WHAT IS NEEDED: The records below are to be copied word for word, with every picture left out.
▶
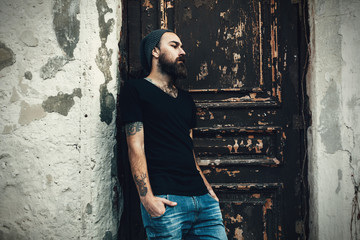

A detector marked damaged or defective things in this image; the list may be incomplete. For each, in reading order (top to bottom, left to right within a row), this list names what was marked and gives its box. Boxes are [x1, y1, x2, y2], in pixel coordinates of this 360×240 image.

cracked plaster wall [0, 0, 122, 239]
cracked plaster wall [306, 0, 360, 238]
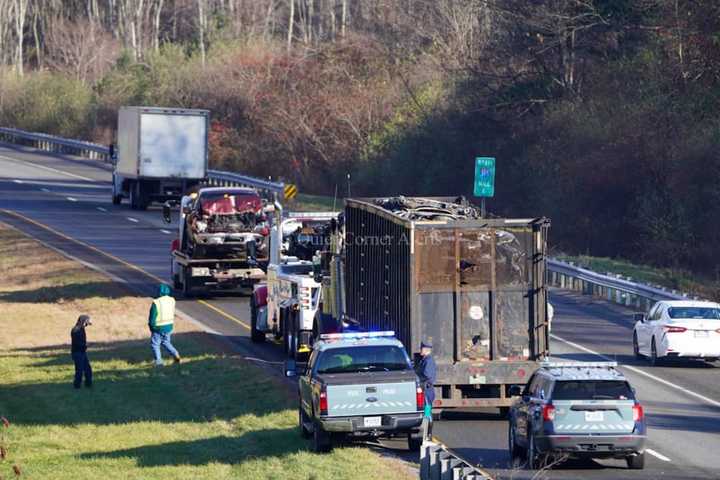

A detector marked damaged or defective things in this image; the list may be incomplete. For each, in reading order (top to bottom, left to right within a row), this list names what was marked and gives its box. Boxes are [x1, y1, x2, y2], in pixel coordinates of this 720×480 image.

burned trailer [344, 197, 552, 410]
charred trailer frame [344, 199, 552, 408]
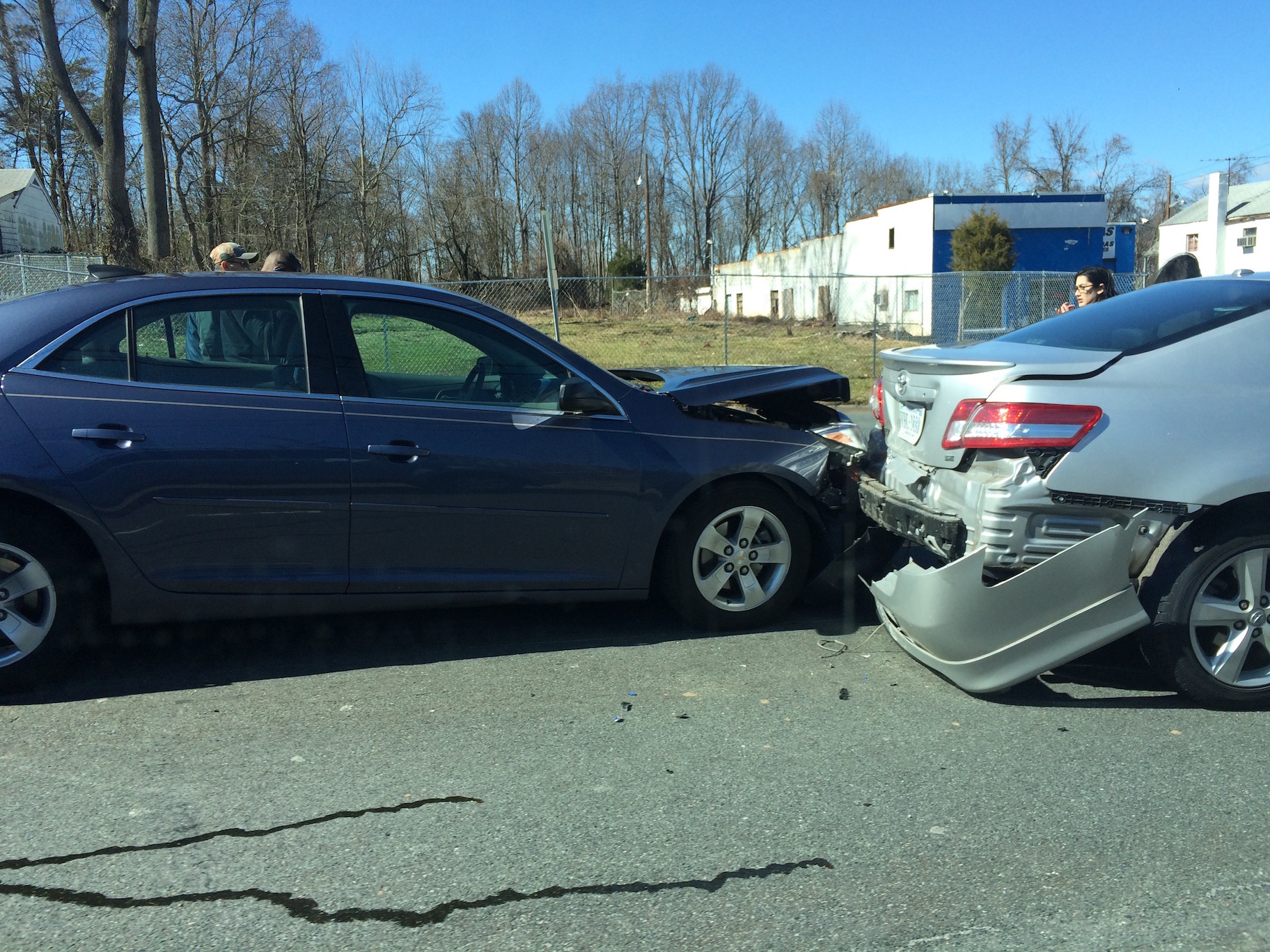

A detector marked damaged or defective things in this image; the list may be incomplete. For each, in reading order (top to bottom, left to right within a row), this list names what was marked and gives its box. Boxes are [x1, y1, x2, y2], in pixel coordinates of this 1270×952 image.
◀
RESULT FOR THIS EXERCISE:
A detector marked damaged or defective things in this image; the list may be incomplete. For each, in reading order (top to bottom, left to right within a row), this list names what was marked and gives its box. Boxes are [x1, y1, x2, y2], in pixel coordinates of this 360×240 image.

cracked plaster wall [0, 0, 122, 239]
cracked plaster wall [306, 0, 360, 238]

A detector marked damaged or defective things in this image; the list may be incomplete. For each, in reading order (top to bottom, left to right within a row), this list names what was marked and gives its box. Boxes are [x1, y1, x2, y2], in pixel coordinates of this 720×480 image.

burned trailer [344, 197, 552, 410]
charred trailer frame [344, 199, 552, 408]

A detector marked damaged or defective things in this image; the list may be incomplete. For each, in reading order (top to bottom, left to right within a row), this list names what was marked and gives its box. Boxes are [x1, y1, x2, y2], in pixel coordinates of this 1270×952 image.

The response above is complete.